Last February, we wrote about the Houston Zoo's first Enchantment Under the Sea dinner, a meal devoted to educating guests about sustainable seafood. It's returning this year on Friday, February 17, and tickets are newly on sale. On April 22, the annual black tie Zoo Ball will include an even more elaborate ethical fish dinner. But each of those events is just one night. Since January 21, the zoo's everyday food service has begun its transformation to an intensely Earth-friendly establishment. Even more impressive: The food is already good enough to convert families from packing PB&J to sitting down for a meal.
The upgrade comes courtesy of a new partnership with Service Systems Associates, a company devoted to bringing sustainability to cultural attractions. "The goal is to have green restaurants," says general manager Danny Anchondo. He and executive chef Corey Crozier started working at the zoo two months ago. They were allowed access to the kitchens on January 19, only two days before they began service.

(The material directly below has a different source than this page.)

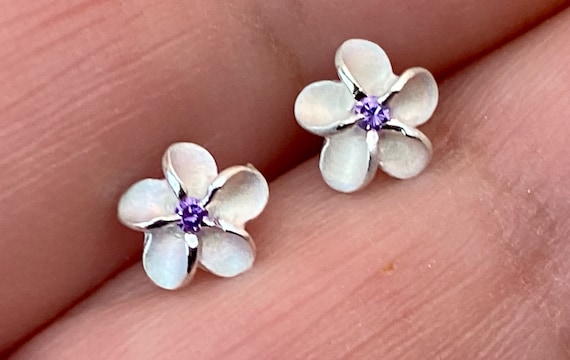 Sterling silver purple flower studs Sterling silver purple flower studs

Many changes are taking place slowly, as the SSA team works through materials left by former provider Sodexo. For now, utensils are recycled plastic. But Crozier says he and Anchondo are working on a contract with World Centric, a company that specializes in making cutlery from grass clippings. "The carbon footprint is basically nothing," he claims.
These improvements are in place at all three zoo eateries, Macaw Café, Twiga Café and Cypress Circle. The last of those will undergo an even bigger change this year. Within the year, the group of buildings will be torn down and rebuilt and will reopen as something of a mini food hall stocked with handmade dishes. A Southern Pride smoker will cook as many as 150 pork butts at once for homemade barbecue, served in classic style with pickles, onions and a choice of sides. Pizza will bake quickly in a giant wood-fired brick oven. A trailer in that courtyard will turn out gourmet patties as Wild Burger.
And changes aren't limited to restaurants. Many products previously brought in already prepared are going to be made from scratch at the zoo. "We spin our own cotton candy—it adds to the smell, it adds to the ambience," says Anchondo. "Sugar and popcorn in the air makes people think it's going to be delicious."
They're also waiting for plastic Mason jars to begin serving fresh-squeezed lemonade around the property. One more ingredient to a newly tasty "ambience" at the Houston Zoo.